#### ABOUT THIS EXERCISE:
With the pictures removed, write out the data below exactly.

#### PROVIDED MATERIAL:
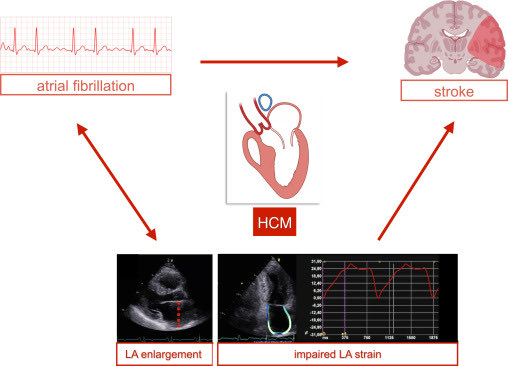 🫀 From atrial fibrillation management to atrial myopathy assessment: the evolving concept of left atrium disease in HCM @CJCJournals #cardioEd #Cardiology #CardioTwitter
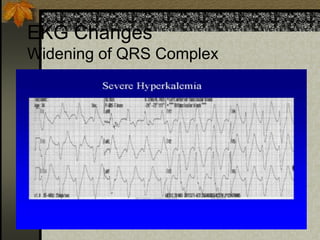 EKG Changes
Widening of QRS Complex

#### REPLY:
 🫀 From atrial fibrillation management to atrial myopathy assessment: the evolving concept of left atrium disease in HCM @CJCJournals #cardioEd #Cardiology #CardioTwitter
 EKG Changes
Widening of QRS Complex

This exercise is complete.